The applicant further states that the present invention is illustrated by the above examples, but the present invention is not limited to the above embodiments, and all the ways of achieving the objects of the present invention by using methods similar to the present invention are within the scope of the present invention.
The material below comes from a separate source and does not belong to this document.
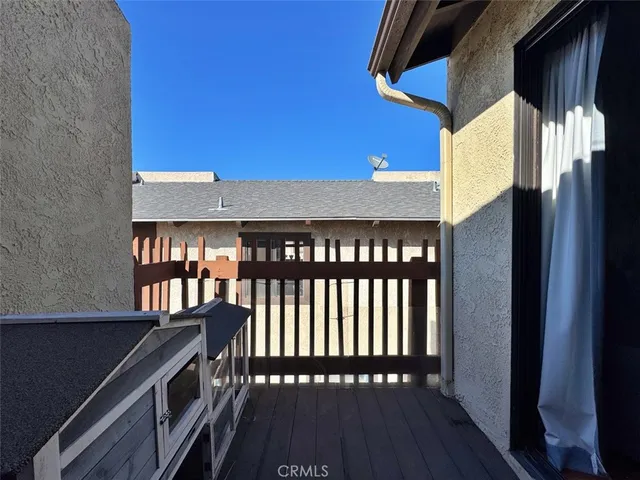 an aerial view of a house with a yard and lake view
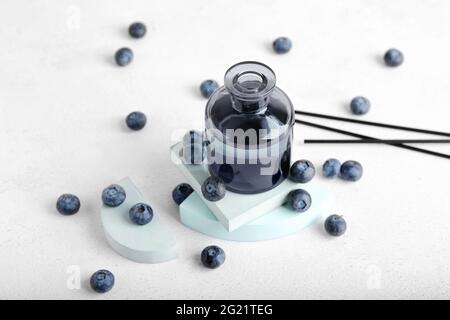 Reed diffuser with blueberries on white background Stock Photo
It should be understood by those skilled in the art that any modifications to the present invention, the implementation of alternative equivalent substitutions and additions of steps, the selection of specific modes, etc., are within the scope and disclosure of the present invention.

Claims

1. A catalyst for preparing low-carbon olefin directly from synthetic gas is prepared from ZnO, MnO and In as active components₂O₃、Ga₂O₃、NiO、Cr₂O₃、K₂O and a carrier, wherein the weight percentage of the carrier is as follows:

ZnO：30～60，MnO：0.5～5，In₂O₃：0.5～5，Ga₂O₃：0.5～5，NiO：0.5～5，Cr₂O₃：10～45，K₂o: 2-7, carrier: 10-40;

the carrier is SAPO-34, HZSM-5 or SSZ-13;

the preparation method of the catalyst comprises the following steps:

weighing ZnO, MnO and In according to the composition of the catalyst₂O₃、Ga₂O₃、NiO、Cr₂O₃、K₂And placing the O and the carrier into a mortar for grinding and mixing for 0.5-3 hours, then heating to the roasting temperature of 350-500 ℃ at the speed of 0.2-3 ℃/min, and keeping the temperature for 10-20 hours at the roasting temperature to obtain the catalyst.

2. The application of the catalyst of claim 1 in the preparation of light olefins directly from synthesis gas, comprising the steps of:

and (3) catalyst reduction: with H₂/（H₂+N₂) Diluted hydrogen with the molar ratio = 0.5-1 is used as reducing gas, and the air speed is 50-200 h^-1Reducing the catalyst for 3-10 h under the conditions that the reduction pressure is 1-2 MPa and the reduction temperature is 350-400 ℃;

and (3) catalyst reaction: reduced catalyst in H₂The mol ratio of/CO is 1.5-3.5, the reaction pressure is 2-8 MPa, the reaction temperature is 380-420 ℃, and the volume isThe airspeed is 5000 ~ 11000h^-1Synthesizing lower olefins under the conditions of (1).